Sur le plan réglementaire, le cadre de l’autoconsommation collective a été progressivement élargi ces dernières années, mais les démarches restent plus complexes qu’en maison individuelle.

Stockage par batterie domestique : nécessaire ou prématuré ?

Sans batterie, on consomme en moyenne moins d’un tiers de sa production solaire directement. Le reste part sur le réseau à un tarif devenu dérisoire. Installer une batterie domestique augmente le taux d’autoconsommation, parfois au-delà des deux tiers.

Le coût d’une batterie lithium reste le frein principal. Le retour sur investissement dépend du différentiel entre le prix de l’électricité achetée au réseau et le coût de stockage par cycle. À mesure que le tarif réseau augmente et que le prix des batteries diminue, l’équation s’améliore, mais on n’est pas encore au point d’équilibre pour tous les profils.

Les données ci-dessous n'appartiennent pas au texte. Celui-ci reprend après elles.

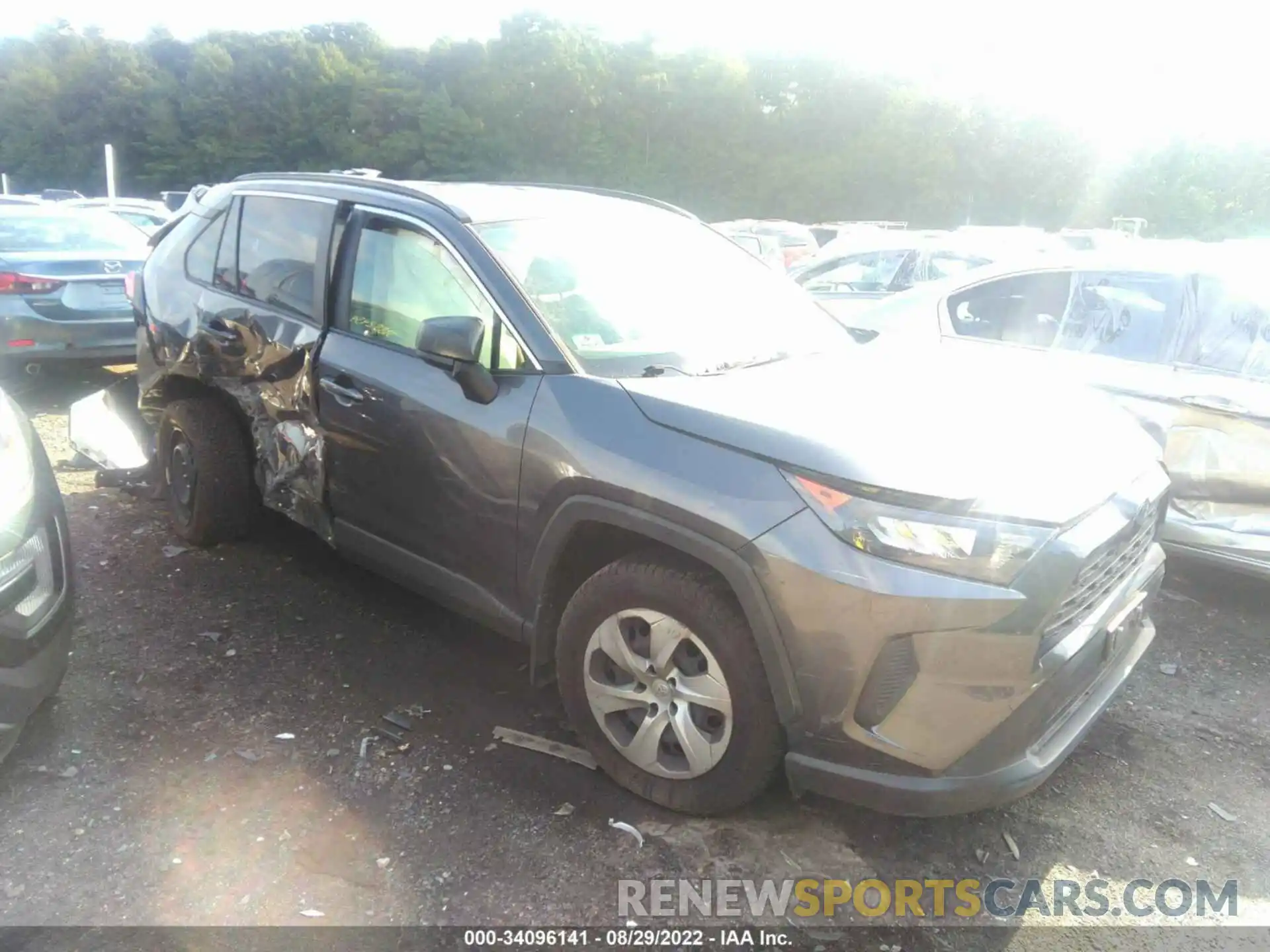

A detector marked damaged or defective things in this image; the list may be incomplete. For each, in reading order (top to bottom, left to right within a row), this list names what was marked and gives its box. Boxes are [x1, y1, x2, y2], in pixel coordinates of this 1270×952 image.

  • Batterie lithium-fer-phosphate (LFP) : durée de vie longue, sécurité élevée, prix en baisse progressive
  • Batterie intégrée au kit solaire : solution clé en main, mais capacité souvent limitée
  • Batterie de véhicule électrique reconditionnée : filière émergente, coût inférieur, garantie variable

Avant d’investir, on gagne à augmenter d’abord son autoconsommation sans batterie : programmer le chauffe-eau, le lave-linge et le lave-vaisselle aux heures de production solaire. Ce décalage d’usage, gratuit, améliore la rentabilité de l’installation avant toute dépense supplémentaire.

Produire de l’électricité chez soi en 2026 passe presque toujours par le solaire photovoltaïque, dimensionné au plus près de sa consommation réelle. Les règles du jeu financier ont changé : chaque kWh autoconsommé compte plus qu’un kWh revendu. Batterie ou pas, le premier levier reste de faire coïncider ses usages avec les heures d’ensoleillement.